I am in the dressing room, trying on faith. I am in the lab of life, testing hope.
***
This afternoon, Laura Hile posted a quote by Annie Lamott, from Bird by Bird:
“I heard a preacher say recently that hope is a revolutionary patience; let me add that so is being a writer. Hope begins in the dark, the stubborn hope that if you just show up and try to do the right thing, the dawn will come. You wait and watch and work; you don’t give up.”
My response to Laura was this, and it only developed as I wrote it:
“I needed that [quote] this week. Hope is a revolutionary patience. Writing is a revolutionary patience. Writing is hope. Wow.”

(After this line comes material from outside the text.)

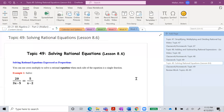Hi class! We'll be having topic 49, which is the last topic for the mod. We are going to have solving rational equations. Let's start. You can use cross multiply to be able to solve a rational equation when each side of the equation is a single fraction.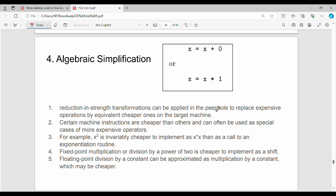Algebraic simplification: for example, x plus 0 — computing x plus 0 is an unnecessary computation since the result is just x. Similarly, x multiplied by 1 is x. These are unnecessary computations. Generally, we apply mathematical algebraic identities and theorems to eliminate them.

We’ve been studying argument in my AP class these past two weeks, and that priming leads me to notice that my comment works out to be a syllogism:
Hope = revolutionary patience (B=A)
Writing = revolutionary patience (C=A)
Writing = hope (C=B)
Therefore writing equals hope! Ah! There’s the draw, the compulsion, the attraction. I begin to understand.
My shift also gives me the ability to look, with unvarnished eye, at the writing I have actually accomplished in the past week, or the past month, rather than merely the writing I have not done.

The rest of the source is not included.